Legislative Dispositions

[14]        Subsection 163(2) of the Act reads in part as follows:

163(2) Every person who, knowingly, or under circumstances amounting to gross negligence, has made or has participated in, assented to or acquiesced in the making of, a false statement or omission in a return, form, certificate, statement or answer (in this section referred to as a “return”) filed or made in respect of a taxation year for the purposes of this Act, is liable to a penalty . . .

[15]        According to subsection 163(3), the burden of establishing the facts justifying the assessment of the penalty is on the Minister.

Analysis

[16]        There are two necessary elements that must be established in order to find liability for subsection 163(2) penalties:

(a)     a false statement in a return, and

(b)     knowledge or gross negligence in the making of, assenting to or acquiescing in the making of that false statement.

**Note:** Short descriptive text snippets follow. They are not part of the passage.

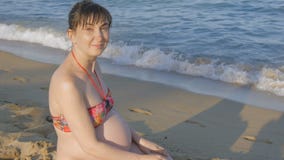 Pregnant young woman in a swimsuit sitting on the beach near the sea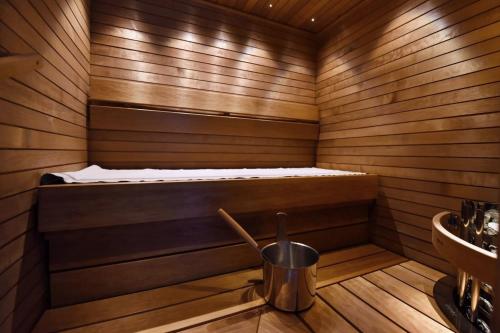 a sauna with a bed and a bucket in it at Levin Alppitalot Alpine Chalets Deluxe in Levi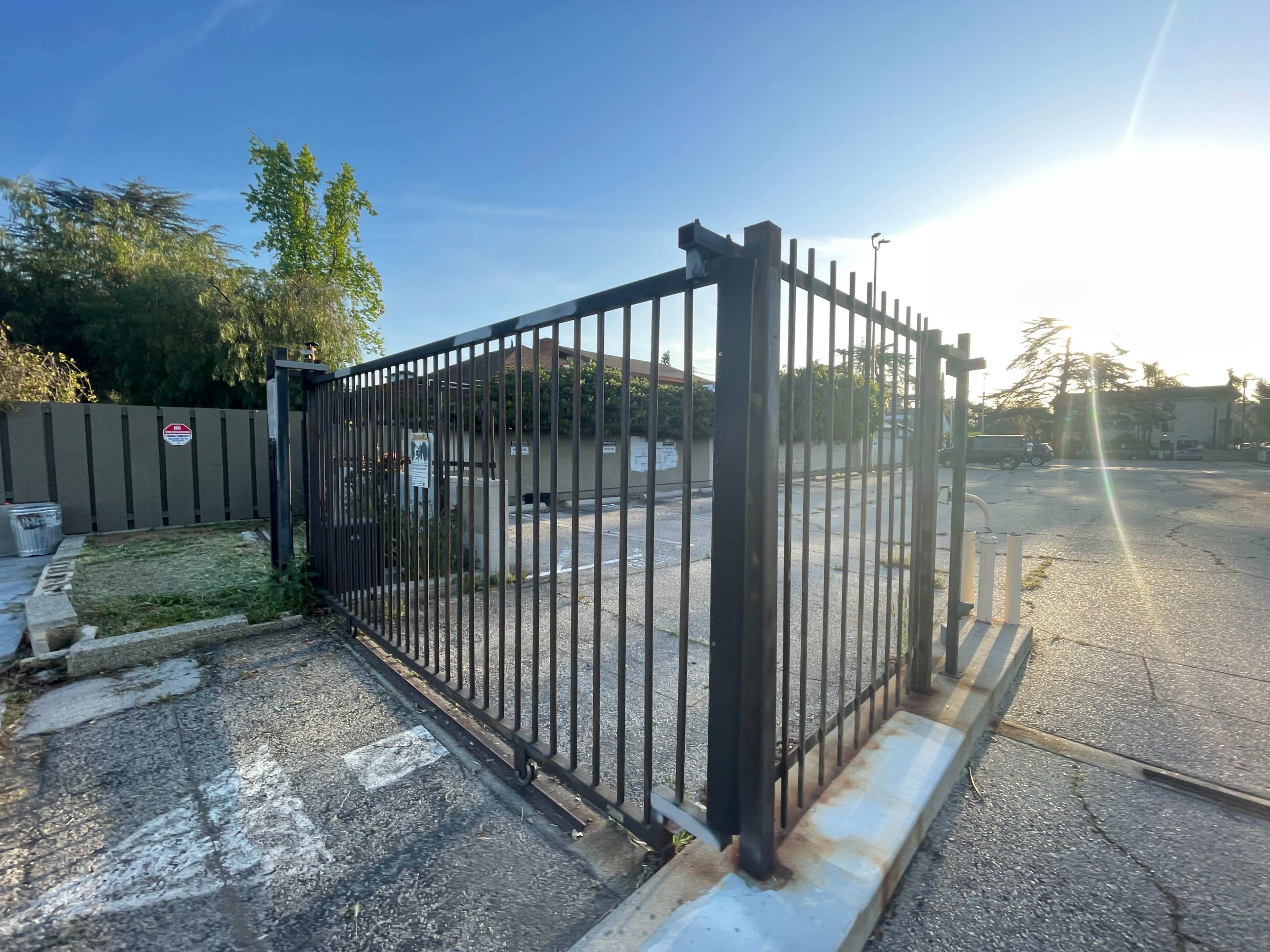 A metal gate stands open in an empty parking lot under a clear blue sky.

[17]        There can be no question that the Appellant’s 2009 tax return and his request for loss carryback contained false statements. The Appellant never owned or operated any kind of a business and therefore could not have had any business income or business expenses — he most certainly did not have business expenses exceeding half a million dollars. His claim for business losses has no foundation in fact and is patently false.

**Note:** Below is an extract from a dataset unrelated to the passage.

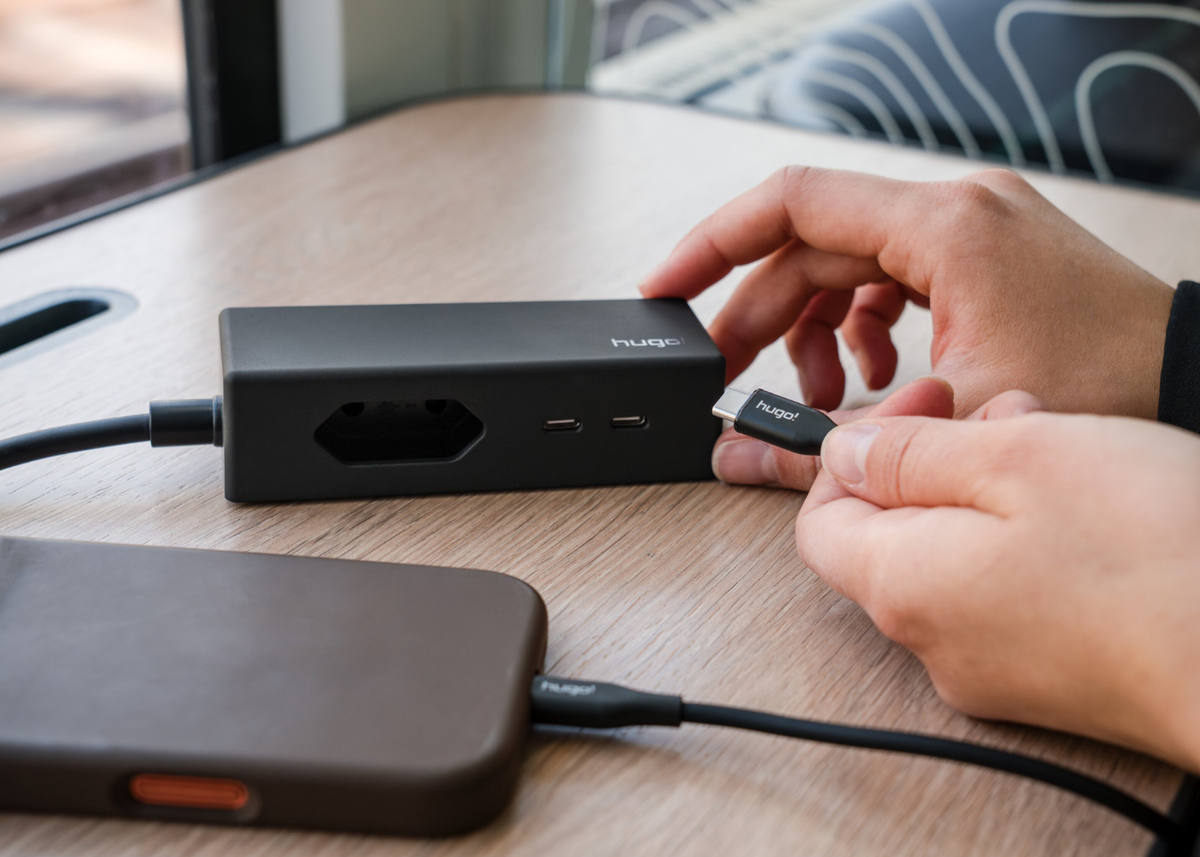 hugo! TRAVEL in deep black beim Einstecken eines USB C-Kabels.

[18]        Did the Appellant knowingly make a false statement? I am not satisfied to the requisite degree of certainty that he did. Did he make a false statement in circumstances amounting to gross negligence? The burden of proving gross negligence lies on the Crown. It is not sufficient for the Crown to prove mere negligence; it must go beyond simple negligence and prove that the Appellant was grossly negligent.

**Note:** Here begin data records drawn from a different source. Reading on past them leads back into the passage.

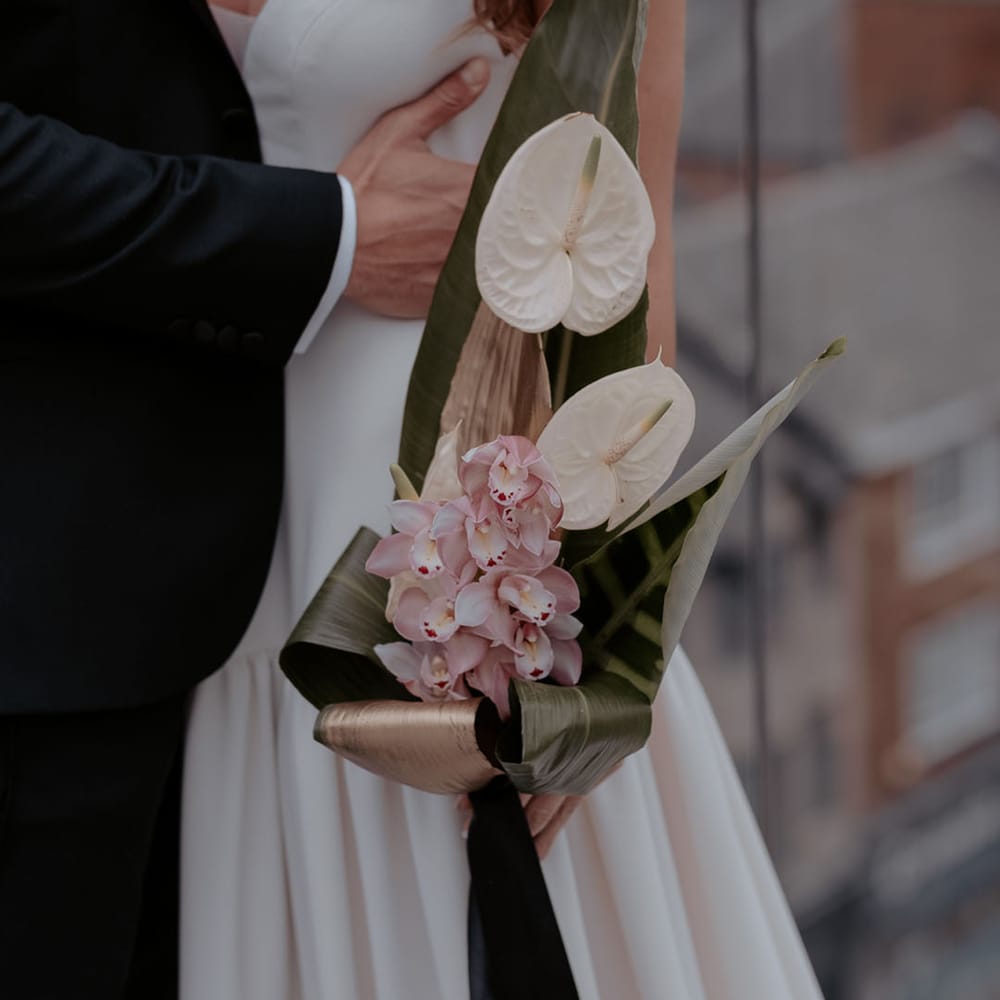 Tropical wedding bouquet with white anthuriums and orchids 
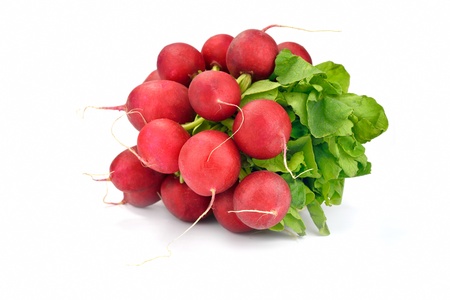 Close-up of a bunch of radishes over white backgroundの写真素材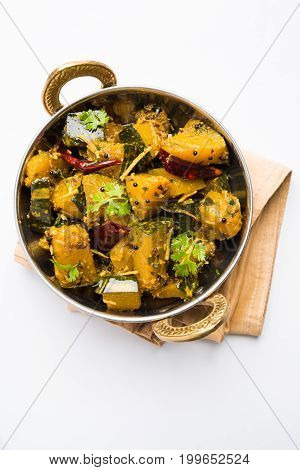 Popular indian main course vegetable Pumpkin dry curry or kaddooor kaddu ki sabzi in hindi, lal bhopla chi bhaji in marathi, selective focus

[19]        Negligence is defined as the failure to use such care as a reasonably prudent and careful person would use under similar circumstances. The concept of negligence is so well known in Anglo-Canadian jurisprudence that no authority need be cited for this definition. However, gross negligence requires something more than mere negligence. Gross negligence must be taken to involve greater neglect than simply a failure to use reasonable care. It must involve a high degree of negligence tantamount to intentional acting or indifference as to whether the law is complied with or not; see Venne v. Canada, [1984] F.C.J. No. 314 (QL). In Venne, Justice Strayer of the Federal Court (Trial Division) cautions that subsection 163(2) of the Act “is a penal provision and it must be interpreted restrictively so that if there is a reasonable interpretation which will avoid the penalty in a particular case that construction should be adopted” and the taxpayer should be given the benefit of the doubt. In Farm Business Consultants Inc. v. Canada, [1994] T.C.J. No. 760 (QL), Justice Bowman (as he then was) of the Tax Court of Canada stated at paragraph 23 that the words “gross negligence” in subsection 163(2) imply conduct characterized by so high a degree of negligence that it borders on recklessness. In such a case a court must, even in applying a civil standard of proof, scrutinize the evidence with great care and look for a higher degree of probability than would be expected where allegations of a less serious nature are sought to be established (paragraph 28).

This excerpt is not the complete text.